On l’a déjà évoqué à propos de Hellboy II : les limites du cinéma de Del Toro — qui sont celles de la plupart des « créateurs d’univers » d’aujourd’hui — apparaissent dès que les occasions se présentent d’aller au-delà de ce travail, de dépasser le rapport de fascination à cette imagerie pour en faire, même discrètement, un rapport à un monde réel moins évident. Dans Pacific Rim, par exemple, c’est la dimension humaine qui fait — un peu — défaut. Tout occupé à exposer ses combats titanesques entre figures importées de l’imaginaire japonais (d’un côté les séries à « mechas » comme Macross ou Evangelion, de l’autre les kaiju eiga ou films de monstres comme Godzilla ou Gamera), Del Toro se laisse aller à réaliser ce qui ressemble, dans l’ensemble, à un spécimen de luxe, mais médiocre sur le fond, d’un des genres dont il s’inspire. Cela vaut pour la caractérisation sommaire des personnages, lesquels se rangent sans beaucoup de subtilité aux archétypes les plus attendus (qui doit combler le vide laissé par son frère mort au combat, qui doit venger sa famille, qui a ses jours comptés et se sacrifiera pour ses camarades, etc.), comme pour le rythme du film où les temps faibles (les humains entre eux) font assez piètre figure à côté des temps forts qui prennent beaucoup de place (les bastons de géants).

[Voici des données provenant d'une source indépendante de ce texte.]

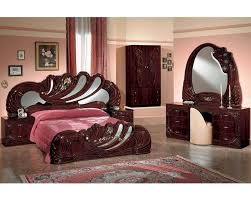 Classic mahogany finish 4 door wardrobe made in italy 44b8418m. Classic Bedroom Set Mahogany Finish Made In Italy 44b8411m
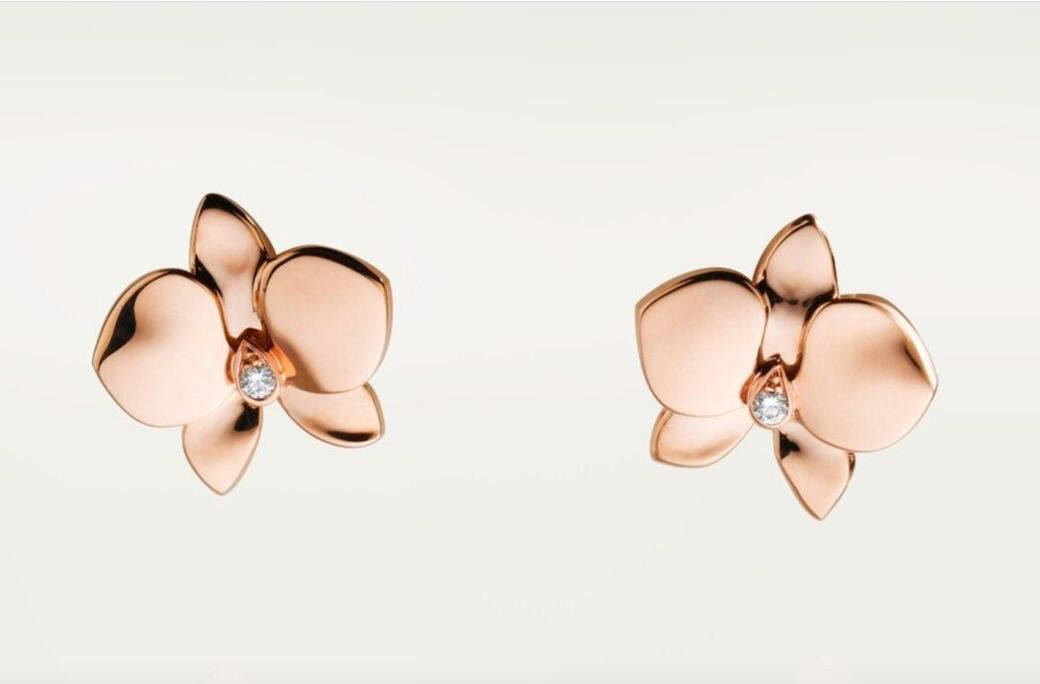 這款耳環採用了卡地亞最喜歡的蘭花作為設計靈感，五瓣蘭花栩栩如生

Les limites suscitent d’autant plus de regrets que, comme souvent chez Del Toro, le scénario ouvre des pistes très intéressantes qui ne seront finalement guère explorées au-delà d’un apport purement pratique pour un storytelling conventionnel. On pense notamment au fonctionnement particulier des robots Jaegers, chacun devant être piloté par deux humains mettant respectivement à disposition leurs hémisphères cérébraux droit et gauche, ce qui oblige ces pilotes à partager entre eux leurs souvenirs voire leurs émotions. Or de cette spécificité qui ouvrait la porte à des suggestions prometteuses (quoique pas toujours sages, comme une possible dimension sexuelle), le film ne tire qu’une poignée d’éléments fonctionnels en deçà de leurs possibilités : la source du trauma qui hante le héros archétypal ; une scène de flash-back caviardée par l’impossible présence du copilote ; une communion interdite entre deux cerveaux qui n’auraient jamais dû se rencontrer (dont ne ressortent que des informations pour faire avancer l’intrigue) ; et via la relation entre copilotes (chacun entrant dans la tête de l’autre) la parabole d’une certaine immédiateté limpide des rapports entre les personnages. Cette portée un peu trop courte peut n’avoir l’air de rien, face à la réussite indéniable du spectacle orchestré par le cinéaste. Mais elle fait dire que ce cinéma-là, si généreux qu’il soit, a trop tendance à se refuser les moyens d’aller plus loin encore, de s’ouvrir plus grand, d’offrir plus.